An hour-and-half long discussion about the idea on Monday grew testy when a top official from the University of Florida clashed with State University System Chancellor Frank Brogan over whether proposed new regulations being considered by the Board of Governors are too restrictive.
“The University of Florida has great concern about this regulation,” said UF Provost Joe Glover. “We feel it does a disservice to the state and the university.”
The Board of Governors -- which oversees the state’s 11 state universities -- has begun a process to create a new “strategic plan” meant to map out the growth of the system between 2012 and 2025. This strategic plan will likely include standards and goals that all universities are supposed to meet over that time period.
But the part of the strategic plan that is likely to draw fire -- and even a political tug of war -- stems from an effort during a time of dwindling taxpayer dollars to assert some level of statewide control over how universities grow and branch out. The initial draft discussed on Monday by several members of the state board includes spelling out which degree programs universities can add in the next five years.
And one of the new regulations tied to the strategic plan would require universities to notify rival schools when a university plans to expand in other parts of the state. Top officials -- including the chancellor -- would be responsible for working out an arrangement if the two schools are unable to reach a deal between each other.
Brogan said some of the wording in the proposals had been worked on for two years in an effort not to “micromanage” what individual universities do.
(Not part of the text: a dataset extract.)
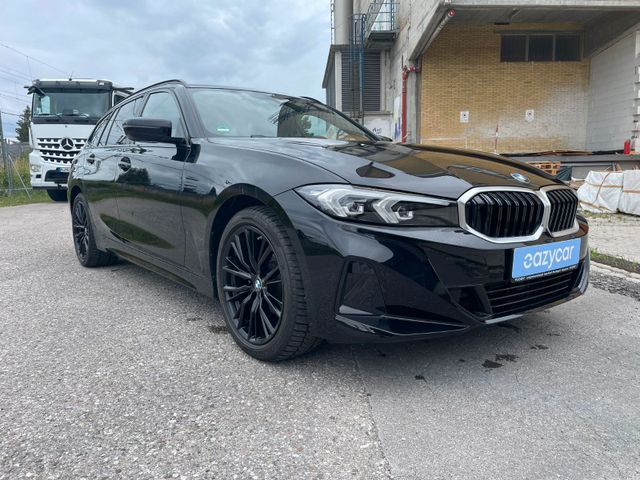 BMW 318 d Touring Aut. LCI  Aut. Con P 18"M Shadow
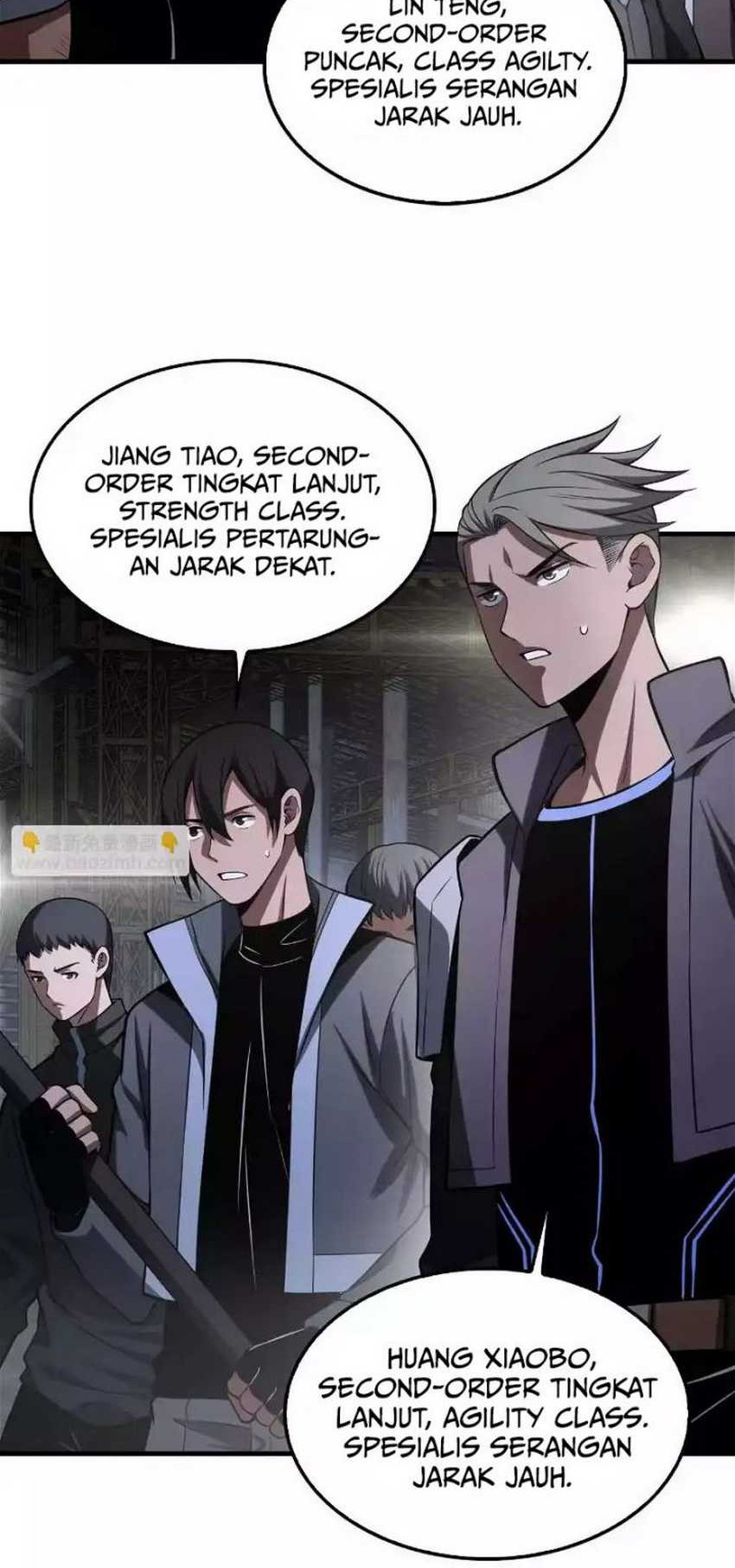 Apocalypse Sword God Chapter 17 Gambar 51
He contended it would not limit what schools can do in the future.
“The idea was to give people the constant ability to grow and evolve but do it in a way that is organized,’’ Brogan said.
But Glover strongly disagreed, saying that anything that requires going to the full board for approval is too limiting and would take too much time.
“The state has invested in the University of Florida for a hundred years; we don’t think we should be restricted to Alachua County and Marion County,’’ Glover said.
The back and forth on Monday was a reminder that while Florida has a state university system, powerful and politically-connected universities have been able to sidestep centralized controls and have been able to push ahead with programs designed to build up the individual institutions.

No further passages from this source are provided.